Stomatal opening in response to light in Col-0 and pGC1::GFP-PP2C.D9/Col-0. Values represent mean ± sd; measurement of 30 stomata in each experiment. Double asterisk indicates statistically significant difference from corresponding Col-0 (Student’s t test; **P < 0.01). Experiments were repeated on three occasions with similar results. Other details are the same as in Figure  3C.

Figure 7.

In vitro phosphatase assay using recombinant PP2C.D9 protein for the dephosphorylation of yeast-expressed PM H⁺-ATPase (AHA2). Microsomal membrane fractions isolated from yeast expressing AHA2 were used for in vitro phosphatase assays. The microsomes were incubated with or without recombinant His-PP2C.D9 for 30 min at 24°C. His-PP2C.D9 was detected by immunoblot using the anti-His antibody.

Figure 8.

Effect of exogenous auxin on phosphorylation status of PM H⁺-ATPase in guard cells. Epidermal tissues from dark-adapted plants were incubated with 0.25% (v/v) DMSO (Dark), 10-µM FC, or 10-µM IAA for 20 min in the dark.
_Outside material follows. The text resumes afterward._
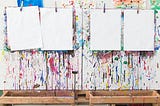 Four blank pages hang on paint covered easels in an elementary school classroom.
FC and IAA were dissolved in DMSO. Typical fluorescent images (upper) and relative intensities of the fluorescent signals (lower) are shown. Arrowheads indicate the positions of the stomata. Bars = 10 µm. Data indicate mean ± se (n = 3) with measurement of 30 stomata in each sample. Double asterisk indicates statistically significant difference from dark sample (Student’s t test; *P < 0.01).